Sure, it’s usually about marshalling data to add to the bottom line, but not always. And even when it is, different companies in different industries are going about it in different ways. It’s a complicated topic to parse… but then, that’s exactly what data scientists do.
No matter what angle you take to slice the big data market, chances are it’s going to be a different list tomorrow than it is today. The players are flexible and the space is fluid. It’s an exciting time to be involved in big data.
Wikimedia Foundation
Including Wikipedia and it’s associated sites in the list illustrates how big data isn’t necessarily always about big profits. Wikipedia, the largest single property within Wikimedia, stores data in a clustered MySQL database derivative where it is organized by topic and language. The plain text of the articles is augmented by logs of all changes that have been made over time. Frequently accessed articles are cached for increased front-end responsiveness. Dumps of the data are stored separately to be available for download to anyone interested in duplicating the wiki.

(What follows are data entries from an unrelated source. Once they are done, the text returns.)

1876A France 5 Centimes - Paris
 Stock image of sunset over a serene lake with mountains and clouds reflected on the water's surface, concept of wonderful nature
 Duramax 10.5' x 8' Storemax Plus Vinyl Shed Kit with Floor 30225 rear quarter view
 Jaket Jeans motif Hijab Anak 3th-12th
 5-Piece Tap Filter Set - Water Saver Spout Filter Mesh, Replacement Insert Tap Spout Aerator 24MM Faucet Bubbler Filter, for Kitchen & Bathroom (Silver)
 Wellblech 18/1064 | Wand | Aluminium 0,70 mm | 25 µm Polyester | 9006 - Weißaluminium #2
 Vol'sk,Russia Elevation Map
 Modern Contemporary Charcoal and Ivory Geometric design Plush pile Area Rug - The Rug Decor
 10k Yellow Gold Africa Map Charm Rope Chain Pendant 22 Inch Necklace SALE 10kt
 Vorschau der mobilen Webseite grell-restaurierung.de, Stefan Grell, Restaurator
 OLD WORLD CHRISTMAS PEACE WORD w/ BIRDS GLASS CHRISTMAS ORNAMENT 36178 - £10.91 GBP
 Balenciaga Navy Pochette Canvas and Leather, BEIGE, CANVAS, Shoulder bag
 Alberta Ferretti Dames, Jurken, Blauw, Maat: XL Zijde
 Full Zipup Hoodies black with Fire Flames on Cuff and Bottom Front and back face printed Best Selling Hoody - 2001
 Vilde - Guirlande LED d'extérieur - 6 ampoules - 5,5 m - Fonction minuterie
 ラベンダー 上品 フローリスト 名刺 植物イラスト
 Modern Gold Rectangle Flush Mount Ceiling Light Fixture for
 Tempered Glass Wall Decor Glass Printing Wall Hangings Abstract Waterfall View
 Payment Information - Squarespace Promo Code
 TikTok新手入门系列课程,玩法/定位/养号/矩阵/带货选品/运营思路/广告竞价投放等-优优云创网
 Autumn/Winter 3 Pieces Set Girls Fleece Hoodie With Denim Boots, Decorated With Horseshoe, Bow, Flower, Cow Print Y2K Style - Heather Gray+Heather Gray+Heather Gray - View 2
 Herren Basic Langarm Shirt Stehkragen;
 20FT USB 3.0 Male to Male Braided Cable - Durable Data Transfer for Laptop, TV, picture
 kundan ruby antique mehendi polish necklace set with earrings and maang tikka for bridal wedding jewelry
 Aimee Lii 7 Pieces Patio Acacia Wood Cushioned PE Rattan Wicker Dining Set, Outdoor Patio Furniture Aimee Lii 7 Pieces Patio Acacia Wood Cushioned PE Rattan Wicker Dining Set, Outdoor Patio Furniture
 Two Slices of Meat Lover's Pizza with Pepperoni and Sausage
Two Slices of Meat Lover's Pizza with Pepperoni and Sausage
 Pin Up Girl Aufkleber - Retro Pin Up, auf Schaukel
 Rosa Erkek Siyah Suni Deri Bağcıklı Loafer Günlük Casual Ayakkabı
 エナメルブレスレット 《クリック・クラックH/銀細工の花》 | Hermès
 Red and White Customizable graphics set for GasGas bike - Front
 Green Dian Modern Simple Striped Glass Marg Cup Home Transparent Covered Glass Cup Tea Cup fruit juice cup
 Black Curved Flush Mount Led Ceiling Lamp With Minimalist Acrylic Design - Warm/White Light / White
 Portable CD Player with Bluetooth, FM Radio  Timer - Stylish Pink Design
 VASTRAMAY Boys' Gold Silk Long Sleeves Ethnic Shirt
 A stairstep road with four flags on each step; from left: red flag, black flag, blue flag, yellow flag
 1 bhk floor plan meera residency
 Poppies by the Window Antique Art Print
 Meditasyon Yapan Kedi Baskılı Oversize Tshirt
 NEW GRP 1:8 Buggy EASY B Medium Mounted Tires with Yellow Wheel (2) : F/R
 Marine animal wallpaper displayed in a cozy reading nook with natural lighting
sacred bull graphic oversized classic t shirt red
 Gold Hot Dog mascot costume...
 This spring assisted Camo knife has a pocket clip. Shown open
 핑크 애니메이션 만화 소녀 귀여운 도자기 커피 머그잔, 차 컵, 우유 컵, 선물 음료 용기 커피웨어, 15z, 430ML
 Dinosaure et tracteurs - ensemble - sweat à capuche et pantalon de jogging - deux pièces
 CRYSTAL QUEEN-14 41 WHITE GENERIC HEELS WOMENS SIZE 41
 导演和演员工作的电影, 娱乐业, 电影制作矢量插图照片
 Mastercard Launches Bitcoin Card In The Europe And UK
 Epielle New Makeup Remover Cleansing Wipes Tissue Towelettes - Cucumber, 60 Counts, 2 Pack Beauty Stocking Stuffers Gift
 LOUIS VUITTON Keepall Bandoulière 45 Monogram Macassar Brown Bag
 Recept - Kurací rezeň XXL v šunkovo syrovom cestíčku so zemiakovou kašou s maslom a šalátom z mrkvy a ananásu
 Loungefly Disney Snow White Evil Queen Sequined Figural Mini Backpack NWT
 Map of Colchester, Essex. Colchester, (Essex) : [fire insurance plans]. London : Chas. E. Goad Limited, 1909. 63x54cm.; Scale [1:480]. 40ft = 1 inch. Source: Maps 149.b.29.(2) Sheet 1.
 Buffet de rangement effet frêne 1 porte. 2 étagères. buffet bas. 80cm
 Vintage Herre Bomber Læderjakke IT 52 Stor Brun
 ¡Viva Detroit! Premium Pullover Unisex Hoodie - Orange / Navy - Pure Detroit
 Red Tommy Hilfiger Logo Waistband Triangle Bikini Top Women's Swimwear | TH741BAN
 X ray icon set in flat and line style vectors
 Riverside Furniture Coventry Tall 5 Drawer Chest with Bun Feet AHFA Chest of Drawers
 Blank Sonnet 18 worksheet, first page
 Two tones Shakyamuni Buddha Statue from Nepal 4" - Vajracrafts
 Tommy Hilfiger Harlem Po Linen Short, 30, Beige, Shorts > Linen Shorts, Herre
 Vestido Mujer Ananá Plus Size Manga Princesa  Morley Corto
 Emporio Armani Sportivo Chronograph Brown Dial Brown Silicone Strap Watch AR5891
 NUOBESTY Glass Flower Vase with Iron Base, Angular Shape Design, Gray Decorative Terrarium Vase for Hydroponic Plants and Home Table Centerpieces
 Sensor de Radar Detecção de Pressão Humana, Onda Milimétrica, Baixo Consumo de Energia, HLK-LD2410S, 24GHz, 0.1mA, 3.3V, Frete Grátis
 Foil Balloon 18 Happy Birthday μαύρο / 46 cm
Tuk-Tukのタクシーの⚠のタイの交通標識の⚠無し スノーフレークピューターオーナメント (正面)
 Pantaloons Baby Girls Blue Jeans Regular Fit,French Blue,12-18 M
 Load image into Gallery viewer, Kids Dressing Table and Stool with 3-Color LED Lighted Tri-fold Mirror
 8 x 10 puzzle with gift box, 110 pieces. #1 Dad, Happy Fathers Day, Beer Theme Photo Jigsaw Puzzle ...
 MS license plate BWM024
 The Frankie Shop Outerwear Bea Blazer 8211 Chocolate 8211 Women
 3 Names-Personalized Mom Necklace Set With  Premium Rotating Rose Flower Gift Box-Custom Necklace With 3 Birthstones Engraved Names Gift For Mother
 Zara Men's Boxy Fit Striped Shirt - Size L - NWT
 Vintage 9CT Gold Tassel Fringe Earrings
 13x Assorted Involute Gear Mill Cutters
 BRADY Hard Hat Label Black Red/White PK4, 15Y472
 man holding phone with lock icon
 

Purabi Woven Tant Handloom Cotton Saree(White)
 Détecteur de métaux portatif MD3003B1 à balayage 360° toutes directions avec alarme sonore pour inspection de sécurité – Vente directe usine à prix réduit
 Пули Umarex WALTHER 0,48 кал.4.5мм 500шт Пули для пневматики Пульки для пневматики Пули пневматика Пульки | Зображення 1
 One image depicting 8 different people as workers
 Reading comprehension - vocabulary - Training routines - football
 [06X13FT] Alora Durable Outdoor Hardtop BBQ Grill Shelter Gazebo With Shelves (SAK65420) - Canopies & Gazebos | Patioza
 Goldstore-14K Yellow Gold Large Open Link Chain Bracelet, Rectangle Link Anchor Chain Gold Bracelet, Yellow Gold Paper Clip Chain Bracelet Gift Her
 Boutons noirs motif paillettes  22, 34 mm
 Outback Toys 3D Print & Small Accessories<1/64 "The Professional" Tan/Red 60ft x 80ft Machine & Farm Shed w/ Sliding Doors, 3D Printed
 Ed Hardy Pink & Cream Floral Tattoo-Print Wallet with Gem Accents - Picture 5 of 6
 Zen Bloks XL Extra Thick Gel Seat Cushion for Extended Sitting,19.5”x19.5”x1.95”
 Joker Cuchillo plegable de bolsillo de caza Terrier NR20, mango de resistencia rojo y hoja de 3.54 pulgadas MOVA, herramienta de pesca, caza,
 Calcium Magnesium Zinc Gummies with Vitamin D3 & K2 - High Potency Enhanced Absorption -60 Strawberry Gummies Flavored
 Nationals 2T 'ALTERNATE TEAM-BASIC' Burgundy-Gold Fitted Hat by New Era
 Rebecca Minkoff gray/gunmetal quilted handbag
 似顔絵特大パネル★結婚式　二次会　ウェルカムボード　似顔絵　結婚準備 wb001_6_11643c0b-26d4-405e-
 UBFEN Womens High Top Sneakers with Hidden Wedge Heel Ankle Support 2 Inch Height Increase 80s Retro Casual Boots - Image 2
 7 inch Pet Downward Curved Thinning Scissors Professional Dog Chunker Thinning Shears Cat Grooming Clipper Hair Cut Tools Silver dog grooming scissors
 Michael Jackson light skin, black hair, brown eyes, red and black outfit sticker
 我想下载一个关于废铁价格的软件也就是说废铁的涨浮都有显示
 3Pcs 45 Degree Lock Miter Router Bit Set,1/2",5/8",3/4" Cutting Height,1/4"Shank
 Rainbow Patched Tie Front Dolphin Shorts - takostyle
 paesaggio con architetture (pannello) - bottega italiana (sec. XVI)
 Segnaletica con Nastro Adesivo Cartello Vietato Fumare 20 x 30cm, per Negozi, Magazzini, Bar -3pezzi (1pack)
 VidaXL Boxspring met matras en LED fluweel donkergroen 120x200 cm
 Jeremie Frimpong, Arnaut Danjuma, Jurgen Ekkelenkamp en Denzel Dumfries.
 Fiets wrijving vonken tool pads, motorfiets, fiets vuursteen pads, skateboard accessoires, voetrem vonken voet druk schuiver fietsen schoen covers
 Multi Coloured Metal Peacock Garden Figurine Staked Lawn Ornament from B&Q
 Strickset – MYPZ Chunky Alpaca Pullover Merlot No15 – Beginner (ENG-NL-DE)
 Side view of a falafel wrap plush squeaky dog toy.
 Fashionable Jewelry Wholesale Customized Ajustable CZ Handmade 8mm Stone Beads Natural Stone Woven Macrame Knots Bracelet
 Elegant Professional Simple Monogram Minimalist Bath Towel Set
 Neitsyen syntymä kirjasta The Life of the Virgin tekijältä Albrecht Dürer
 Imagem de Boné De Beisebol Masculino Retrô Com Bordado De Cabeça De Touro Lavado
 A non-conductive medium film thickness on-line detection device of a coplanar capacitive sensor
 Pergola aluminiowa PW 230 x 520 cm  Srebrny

So how do you figure the overall size? Do you measure compressed or uncompressed size? Or do you go by information content, the number of articles and density of topics? Do you include the caching or does it count as duplicate data? What about the RDBMS overhead? And what to do with the fact that thousands of new pages and hundreds of thousands of edits are made each day, each of them changing all of those numbers?
The Wikimedia Statistics team has given up on that impossible task and gone on to measuring more interesting statistics like the fluctuation and flow of edits themselves instead.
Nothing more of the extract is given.